> _Records shown_
"""
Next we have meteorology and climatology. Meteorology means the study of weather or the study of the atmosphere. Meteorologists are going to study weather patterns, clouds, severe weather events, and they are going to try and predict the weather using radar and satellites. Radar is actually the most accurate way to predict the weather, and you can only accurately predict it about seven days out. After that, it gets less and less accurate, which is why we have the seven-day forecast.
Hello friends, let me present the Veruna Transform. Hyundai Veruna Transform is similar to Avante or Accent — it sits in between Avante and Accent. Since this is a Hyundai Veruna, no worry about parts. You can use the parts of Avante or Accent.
"""
"""
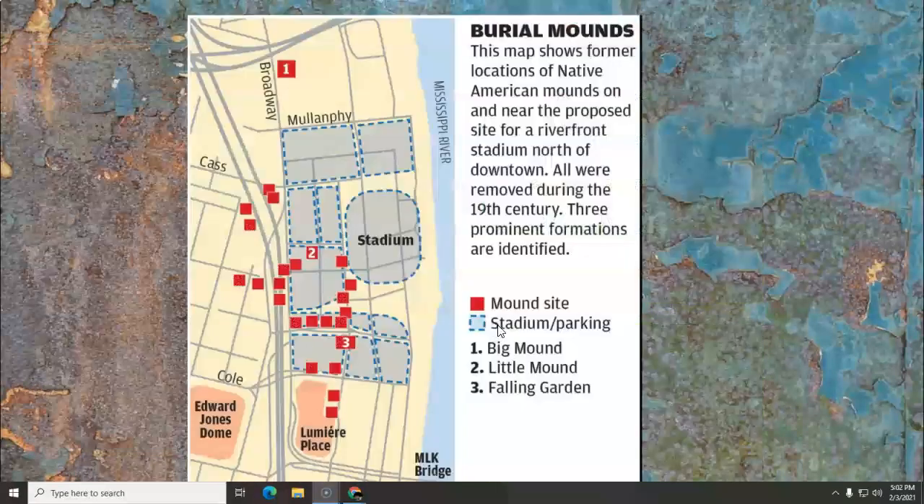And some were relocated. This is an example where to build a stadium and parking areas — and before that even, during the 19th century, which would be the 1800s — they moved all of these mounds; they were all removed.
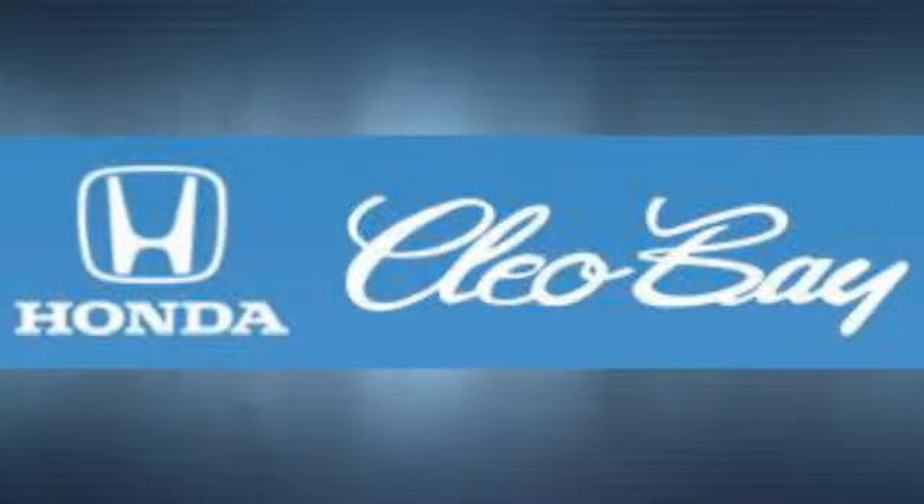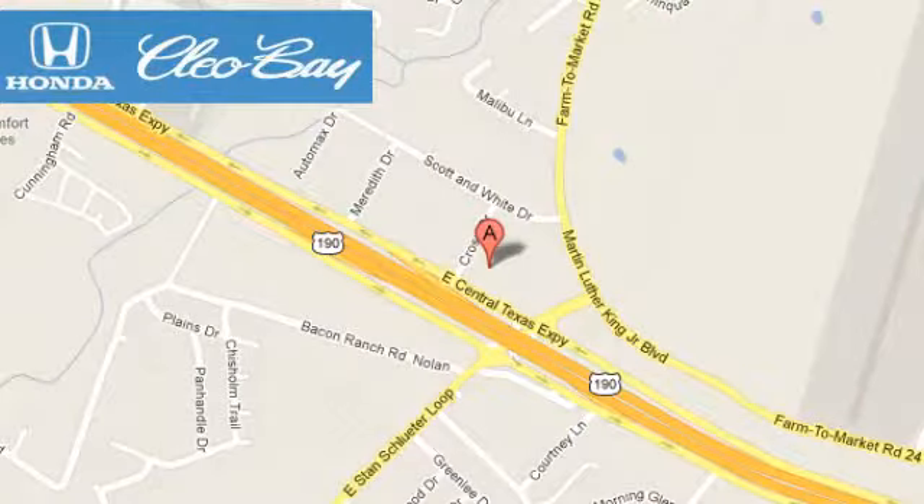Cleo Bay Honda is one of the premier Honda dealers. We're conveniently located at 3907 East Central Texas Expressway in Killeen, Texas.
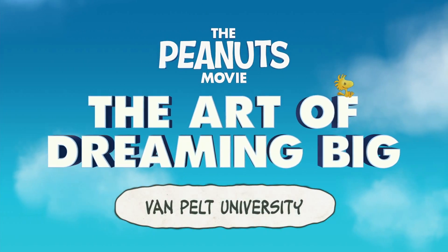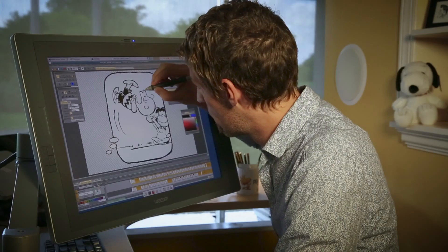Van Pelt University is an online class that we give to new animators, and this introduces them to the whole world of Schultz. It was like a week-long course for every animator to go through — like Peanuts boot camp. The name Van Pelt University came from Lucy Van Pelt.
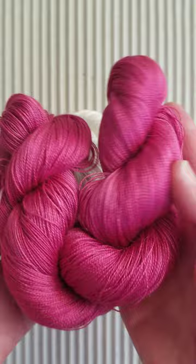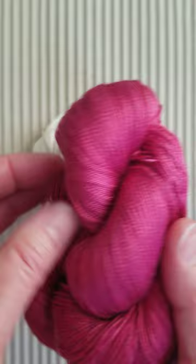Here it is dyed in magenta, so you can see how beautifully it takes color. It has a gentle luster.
"""
> _Work instruction_
Check each line of the listing above. Copy it if it holds the string "about".

> _Reply to the task_
Next we have meteorology and climatology. Meteorology means the study of weather or the study of the atmosphere. Meteorologists are going to study weather patterns, clouds, severe weather events, and they are going to try and predict the weather using radar and satellites. Radar is actually the most accurate way to predict the weather, and you can only accurately predict it about seven days out. After that, it gets less and less accurate, which is why we have the seven-day forecast.
Hello friends, let me present the Veruna Transform. Hyundai Veruna Transform is similar to Avante or Accent — it sits in between Avante and Accent. Since this is a Hyundai Veruna, no worry about parts. You can use the parts of Avante or Accent.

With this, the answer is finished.